(Record excerpts Opens)

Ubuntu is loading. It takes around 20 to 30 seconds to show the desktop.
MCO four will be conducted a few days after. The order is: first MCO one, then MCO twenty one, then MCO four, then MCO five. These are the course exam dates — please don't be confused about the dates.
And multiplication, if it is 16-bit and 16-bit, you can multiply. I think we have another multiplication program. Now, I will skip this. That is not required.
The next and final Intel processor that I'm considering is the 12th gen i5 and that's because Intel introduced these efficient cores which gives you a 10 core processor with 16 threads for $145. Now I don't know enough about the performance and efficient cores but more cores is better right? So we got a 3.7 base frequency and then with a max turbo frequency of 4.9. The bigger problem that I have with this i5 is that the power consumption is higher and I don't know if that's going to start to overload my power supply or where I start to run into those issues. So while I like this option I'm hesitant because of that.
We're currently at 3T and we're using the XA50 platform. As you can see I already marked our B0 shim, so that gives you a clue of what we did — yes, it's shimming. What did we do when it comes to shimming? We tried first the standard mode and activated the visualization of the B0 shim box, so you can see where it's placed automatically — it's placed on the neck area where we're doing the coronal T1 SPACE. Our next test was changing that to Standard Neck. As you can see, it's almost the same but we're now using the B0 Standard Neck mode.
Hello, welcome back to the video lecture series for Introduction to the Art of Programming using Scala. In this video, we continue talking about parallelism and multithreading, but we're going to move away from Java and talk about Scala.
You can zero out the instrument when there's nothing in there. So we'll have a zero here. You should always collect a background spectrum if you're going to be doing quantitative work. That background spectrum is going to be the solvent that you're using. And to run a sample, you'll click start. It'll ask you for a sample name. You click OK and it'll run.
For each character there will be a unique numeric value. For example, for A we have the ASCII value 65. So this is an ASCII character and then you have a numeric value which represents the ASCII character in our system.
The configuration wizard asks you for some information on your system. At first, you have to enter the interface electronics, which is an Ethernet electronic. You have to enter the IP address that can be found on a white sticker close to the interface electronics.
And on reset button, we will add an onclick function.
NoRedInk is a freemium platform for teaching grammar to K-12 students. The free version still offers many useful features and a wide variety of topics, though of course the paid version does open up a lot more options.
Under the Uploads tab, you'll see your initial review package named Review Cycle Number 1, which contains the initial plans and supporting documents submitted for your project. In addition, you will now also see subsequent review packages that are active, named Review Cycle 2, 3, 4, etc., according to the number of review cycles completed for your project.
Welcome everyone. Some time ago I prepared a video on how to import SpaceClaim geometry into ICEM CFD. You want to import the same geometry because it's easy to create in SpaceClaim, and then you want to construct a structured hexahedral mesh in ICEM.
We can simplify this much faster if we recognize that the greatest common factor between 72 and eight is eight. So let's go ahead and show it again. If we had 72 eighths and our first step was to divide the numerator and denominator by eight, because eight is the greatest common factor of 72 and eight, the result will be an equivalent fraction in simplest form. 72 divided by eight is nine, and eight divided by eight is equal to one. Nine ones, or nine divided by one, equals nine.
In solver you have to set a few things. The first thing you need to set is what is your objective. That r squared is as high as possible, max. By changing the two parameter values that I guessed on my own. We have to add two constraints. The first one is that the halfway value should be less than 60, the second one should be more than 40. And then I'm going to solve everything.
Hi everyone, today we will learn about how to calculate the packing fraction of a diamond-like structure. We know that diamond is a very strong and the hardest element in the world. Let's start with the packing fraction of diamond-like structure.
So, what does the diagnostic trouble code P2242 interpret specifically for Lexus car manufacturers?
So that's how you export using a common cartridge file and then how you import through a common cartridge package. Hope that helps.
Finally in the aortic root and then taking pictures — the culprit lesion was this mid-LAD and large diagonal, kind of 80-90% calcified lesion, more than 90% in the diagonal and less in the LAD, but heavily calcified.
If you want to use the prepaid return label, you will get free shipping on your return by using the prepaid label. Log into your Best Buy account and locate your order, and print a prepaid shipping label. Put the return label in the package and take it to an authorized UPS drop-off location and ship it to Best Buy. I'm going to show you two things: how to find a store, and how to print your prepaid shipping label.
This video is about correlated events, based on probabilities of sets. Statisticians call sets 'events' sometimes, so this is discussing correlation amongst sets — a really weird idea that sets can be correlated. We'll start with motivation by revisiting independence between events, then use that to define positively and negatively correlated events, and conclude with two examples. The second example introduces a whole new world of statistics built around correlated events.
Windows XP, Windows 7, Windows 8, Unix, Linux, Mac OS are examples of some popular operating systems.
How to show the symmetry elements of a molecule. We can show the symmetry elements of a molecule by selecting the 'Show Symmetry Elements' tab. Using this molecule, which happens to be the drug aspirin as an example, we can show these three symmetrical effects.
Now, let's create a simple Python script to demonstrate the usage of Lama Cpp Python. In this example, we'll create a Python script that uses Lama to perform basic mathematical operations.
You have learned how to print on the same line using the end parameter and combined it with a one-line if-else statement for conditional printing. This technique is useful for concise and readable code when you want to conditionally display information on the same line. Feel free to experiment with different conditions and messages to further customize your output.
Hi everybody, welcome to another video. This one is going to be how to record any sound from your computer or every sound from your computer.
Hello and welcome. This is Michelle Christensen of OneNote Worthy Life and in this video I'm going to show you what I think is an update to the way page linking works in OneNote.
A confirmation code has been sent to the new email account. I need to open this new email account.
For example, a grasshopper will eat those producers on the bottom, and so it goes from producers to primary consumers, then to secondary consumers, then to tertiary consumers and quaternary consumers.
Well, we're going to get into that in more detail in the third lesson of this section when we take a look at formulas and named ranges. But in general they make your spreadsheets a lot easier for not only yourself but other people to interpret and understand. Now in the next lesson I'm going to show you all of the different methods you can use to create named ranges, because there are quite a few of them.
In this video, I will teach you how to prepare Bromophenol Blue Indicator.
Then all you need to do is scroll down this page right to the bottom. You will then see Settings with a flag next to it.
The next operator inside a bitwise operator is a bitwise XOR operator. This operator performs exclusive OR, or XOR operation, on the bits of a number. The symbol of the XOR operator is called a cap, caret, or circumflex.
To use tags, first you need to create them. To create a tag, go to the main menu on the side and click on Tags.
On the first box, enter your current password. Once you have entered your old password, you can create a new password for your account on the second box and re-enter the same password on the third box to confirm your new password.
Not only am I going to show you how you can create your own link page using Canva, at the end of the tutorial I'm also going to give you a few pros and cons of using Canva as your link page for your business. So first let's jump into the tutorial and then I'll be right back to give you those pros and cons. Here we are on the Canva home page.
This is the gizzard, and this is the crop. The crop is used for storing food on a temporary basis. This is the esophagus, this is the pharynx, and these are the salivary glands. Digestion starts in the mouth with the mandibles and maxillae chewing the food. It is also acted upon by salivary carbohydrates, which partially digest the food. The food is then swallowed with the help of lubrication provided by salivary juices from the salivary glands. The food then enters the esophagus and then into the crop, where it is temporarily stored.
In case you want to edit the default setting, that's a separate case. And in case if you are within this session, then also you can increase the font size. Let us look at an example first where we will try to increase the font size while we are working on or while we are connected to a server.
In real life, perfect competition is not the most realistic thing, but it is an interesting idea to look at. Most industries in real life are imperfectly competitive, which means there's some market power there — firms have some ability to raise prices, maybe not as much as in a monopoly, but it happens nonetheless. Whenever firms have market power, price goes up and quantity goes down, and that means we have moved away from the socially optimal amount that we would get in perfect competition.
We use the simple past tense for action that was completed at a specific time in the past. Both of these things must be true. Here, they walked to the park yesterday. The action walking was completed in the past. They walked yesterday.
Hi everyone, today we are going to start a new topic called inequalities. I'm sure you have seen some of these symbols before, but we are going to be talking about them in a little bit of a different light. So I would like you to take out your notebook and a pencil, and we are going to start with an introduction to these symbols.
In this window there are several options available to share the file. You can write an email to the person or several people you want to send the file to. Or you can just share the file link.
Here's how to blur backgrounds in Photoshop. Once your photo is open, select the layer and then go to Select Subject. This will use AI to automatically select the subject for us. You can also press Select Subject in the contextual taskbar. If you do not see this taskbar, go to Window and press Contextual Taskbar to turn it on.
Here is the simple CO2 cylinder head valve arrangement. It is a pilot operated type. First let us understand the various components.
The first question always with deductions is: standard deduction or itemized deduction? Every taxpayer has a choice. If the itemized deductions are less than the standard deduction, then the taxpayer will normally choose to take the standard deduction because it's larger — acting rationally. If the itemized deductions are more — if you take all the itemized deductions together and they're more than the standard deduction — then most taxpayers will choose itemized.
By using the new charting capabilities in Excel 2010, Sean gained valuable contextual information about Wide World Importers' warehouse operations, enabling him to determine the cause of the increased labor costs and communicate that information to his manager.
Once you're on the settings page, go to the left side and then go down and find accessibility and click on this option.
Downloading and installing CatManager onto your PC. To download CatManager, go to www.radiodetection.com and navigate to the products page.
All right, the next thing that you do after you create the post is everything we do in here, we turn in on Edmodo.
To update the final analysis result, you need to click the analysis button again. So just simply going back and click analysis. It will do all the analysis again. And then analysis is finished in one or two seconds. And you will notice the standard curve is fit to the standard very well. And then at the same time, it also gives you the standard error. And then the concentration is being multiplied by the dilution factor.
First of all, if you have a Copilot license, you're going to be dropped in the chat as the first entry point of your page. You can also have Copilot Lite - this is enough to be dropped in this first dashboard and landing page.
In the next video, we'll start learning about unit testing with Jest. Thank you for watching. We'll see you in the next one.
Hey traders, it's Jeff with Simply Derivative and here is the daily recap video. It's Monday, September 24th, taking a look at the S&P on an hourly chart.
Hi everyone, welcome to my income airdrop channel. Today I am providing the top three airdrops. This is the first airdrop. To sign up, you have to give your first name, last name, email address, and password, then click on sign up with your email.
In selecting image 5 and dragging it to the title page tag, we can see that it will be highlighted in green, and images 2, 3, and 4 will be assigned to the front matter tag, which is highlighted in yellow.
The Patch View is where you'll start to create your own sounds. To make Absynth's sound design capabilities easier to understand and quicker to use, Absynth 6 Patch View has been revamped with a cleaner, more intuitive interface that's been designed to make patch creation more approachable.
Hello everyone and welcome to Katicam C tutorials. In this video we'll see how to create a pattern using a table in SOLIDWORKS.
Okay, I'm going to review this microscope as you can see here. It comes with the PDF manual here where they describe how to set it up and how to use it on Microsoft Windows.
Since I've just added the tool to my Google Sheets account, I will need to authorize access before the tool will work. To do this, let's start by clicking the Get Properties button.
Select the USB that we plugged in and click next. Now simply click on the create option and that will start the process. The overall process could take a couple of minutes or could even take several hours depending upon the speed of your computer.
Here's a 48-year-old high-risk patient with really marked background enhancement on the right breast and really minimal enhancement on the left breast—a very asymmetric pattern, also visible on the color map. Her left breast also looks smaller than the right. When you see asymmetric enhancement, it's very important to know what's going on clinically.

(Record excerpts Closes)

Task requirements:
From the opening line of the data above through the line holding "And multiplication, if", give every line again exactly as it stands.

Exercise answer:
Ubuntu is loading. It takes around 20 to 30 seconds to show the desktop.
MCO four will be conducted a few days after. The order is: first MCO one, then MCO twenty one, then MCO four, then MCO five. These are the course exam dates — please don't be confused about the dates.
And multiplication, if it is 16-bit and 16-bit, you can multiply. I think we have another multiplication program. Now, I will skip this. That is not required.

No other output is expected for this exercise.